NASA’s GMAO Helps Keep NASA Flying

Discover cluster will enable high-resolution weather predictions and climate simulation and modeling.

At a Glance:

  • NASA’s Global Modeling and Assimilation Office (GMAO) analyzes weather and climate data from many observing systems to aid and guide NASA missions.

  • NASA Goddard’s latest addition to the Discover HPC system is a cluster of Intel® Xeon® Scalable processors and Cornelis Networks fabric1. It enables GMAO to further their mission to support NASA’s—and other agencies and researchers—ongoing work around and over the globe.

author-image

By

Executive Summary

NASA’s Global Modeling and Assimilation Office (GMAO) is located at the Goddard Space Flight Center in Greenbelt, Maryland. The office’s mission is to “maximize the impact of satellite observations on analyses and predictions of the atmosphere, ocean, land, and cryosphere.” One of the GMAO’s activities is to use the data from over 5,000,000 observations acquired every six hours to predict weather and model climate on a global scale, sometimes with resolutions as fine as 1.5 km2. The global surface area of Earth is 510,072,000 km2 (196,939,900.212 mi2) with water cover­ing 70.8 percent and land taking up 29.2 percent. Predicting weather and modeling climate at these scales takes a lot of computing power provided by NASA Goddard’s Computational and Information Sciences and Technology Office (CISTO).

Challenge

“We support a variety of NASA’s missions and field campaigns with weather pre­dictions and other atmospheric and climate research analyses, some of which are consumed by other organizations,” explained Dr. Bill Putman, a GMAO researcher.

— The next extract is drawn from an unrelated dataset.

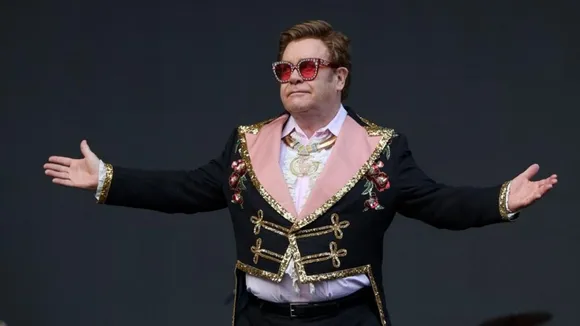 Elton John Re-schedules Tour Dates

GMAO products include a wide range of data, such as:

  • Short-range (days to a week) numerical weather predictions to support activities, like satellite missions and NASA research aircraft taking a certain flight path to capture samples for aerosol or chemical studies for NASA field campaigns
  • Longer-range, seasonal predictions (weeks to months), often in collaboration with other agencies, such as the National Oceanographic and Atmospheric Administration (NOAA)
  • Other large collaborative efforts with national and international organizations
  • Re-analyses of very long-term (years to decades) climate and atmospheric conditions, publicizing data used for global climate baselines that might be consumed by other researchers

“There are only a few centers around the world,” added Putman, “that produce these types of high-quality re-analyses. They become very reputable data sets and useful for services around the nation and the world.”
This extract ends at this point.